Едва завидев ее, он посылал ей сквозь шум прибоя и ветра первое ругательство, да с такой силой, что на берегу все начинали хохотать, хотя и жалели женщину. Затем, когда судно подходило к пристани, Патен, выгружая рыбу, в то же время «выбрасывал за борт балласт вежливости», по его выражению, и вокруг его якорей собирались все озорники и бездельники гавани.
Брань слетала с его губ то картечью, короткой и устрашающей, то долго гремевшими раскатами грома, то таким ураганом крепких словечек, что казалось, в легких Патена были собраны все грозы предвечного отца.
Потом, сойдя на берег и очутившись лицом к лицу с женою посреди толпы селедочниц и просто любопытных, он выуживал из своего запаса новый груз брани и грубостей и так провожал жену до самого дома; она шла впереди, он за нею; она плакала, он орал.

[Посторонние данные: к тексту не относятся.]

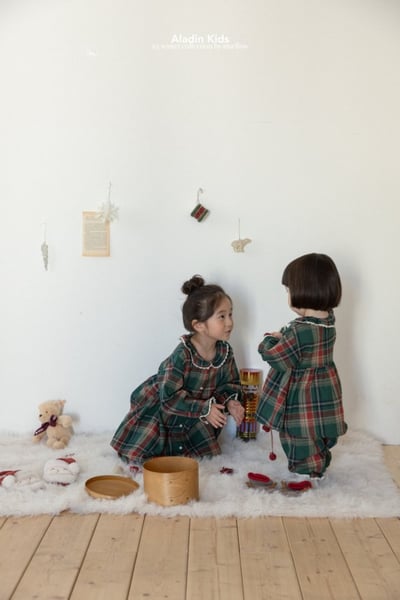 ALADIN22｜(75cm-114cm) 聖誕格紋蕾絲家居套裝13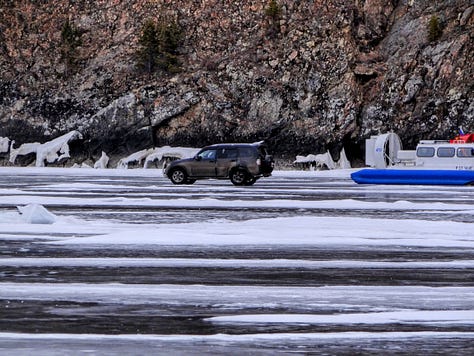 Lake Baikal winter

Оставшись с ней вдвоем за закрытой дверью, он по малейшему поводу начинал драться. Для первого удара достаточно было пустяка, а стоило начать, уже и удержу не было, и вдобавок он выкладывал ей истинные причины своей ненависти. При каждой пощечине, при каждом тумаке он вопил:
— Ах ты, рвань! Ах ты, босячка! Ах ты, побирушка! Ловко же я попался в тот день, когда попробовал поганое зелье этого мошенника, твоего отца!
Бедняжка жила теперь в состоянии непрерывного ужаса, сердце у нее сжималось, и она постоянно дрожала, со страхом ожидая оскорблений и побоев...
Так тянулось десять лет. Она была до того запугана, что бледнела, когда кто-нибудь заговаривал с нею, не думала ни о чем, кроме грозящих ей побоев, и стала худее, желтее и суше копченой рыбы.